LIQUIDITY AND CAPITAL RESOURCES

    The Company's primary sources of working capital are cash flows from
operations and borrowings under a revolving term note agreement which provides
a $16,300,000 line of credit.  Cash flows from operations during the first nine
months of 1995 totaled $6,737,000 and the Company increased its borrowings
under the revolving term note by $1,324,000 leaving the outstanding balance at
October 1, 1995 at $10,369,000.

    The Company planned to open five or six new restaurants in 1995.  One
new restaurant was opened in the first nine months of 1995, but no new units
were opened during the third quarter.  However, four sites were under
development at the end of the third quarter.  Two of these units will open in
the fourth quarter of 1995 and two in the first quarter of 1996.  Capital
expenditures for new units as well as the refurbishing and remodeling of
existing units totaled $8,154,000 during the first nine months of 1995.  These
expenditures were funded by cash flows from operations and additional
borrowings from the revolving term note. Completion of these units will require
an approximate additional expenditure of $4,000,000 in 1995.  These
expenditures will be funded out of cash flow from operations and additional
borrowing on the revolving term note agreement.  The Company believes that cash
flows from operations, together with borrowings from the revolving term note
will be sufficient to fund the remaining 1995 planned expansion as well as
ongoing maintenance and remodeling of existing units.
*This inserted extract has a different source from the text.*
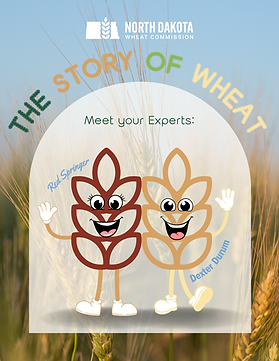 The Story of Wheat (4th-6th).png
    In October 1992, the Company sold $23,000,000 of 6 3/4% Convertible
Subordinated Debentures Due 2002.  During December 1994, the Company
repurchased $2,500,000 in principal of these convertible subordinated
debentures in the open market for a discounted purchase price of $1,617,500,
with settlement dates in December 1994 and January 1995.  The Company expended
$642,500 in January to complete this repurchase transaction.  These debentures
are subject to limited annual redemption by the bondholders and to limited
redemption on the death of a beneficial owner.  The annual redemption is capped
at 5% of the original gross proceeds and occurs on each November 1.
Redemptions on death are subject to a cap of $25,000 per holder per year.
Pursuant to these two redemption options, the Company expects additional
principal redemptions of approximately $1,200,000 of the Debentures during the
fourth quarter of 1995.  The Company believes that cash flows from operations
and additional borrowings from the revolving term note will be sufficient to
fund these expected principal reductions.
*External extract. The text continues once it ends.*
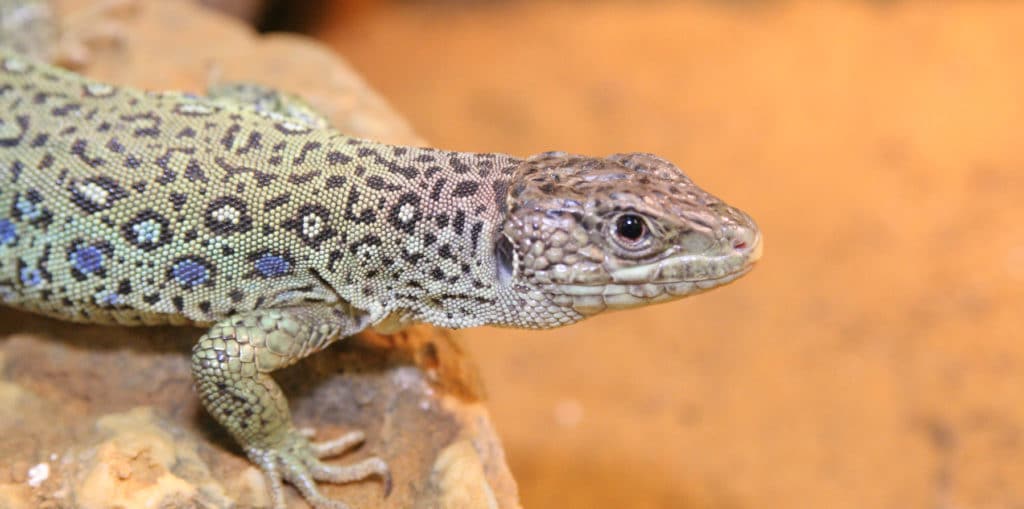 Desert Lizards Zoo Med Laboratories, Inc.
    In October 1995, the Company entered into a contract with Darden
Restaurants, Inc., to purchase six restaurants for approximately $11.2 million.
The Company is now in the process of raising its line of credit to $33,000,000
and extending the revolving period of the agreement to December 31, 1997 (which
will then convert to a five year term loan) in order to provide the funds to
complete this contract and for additional expansion in 1996 and 1997.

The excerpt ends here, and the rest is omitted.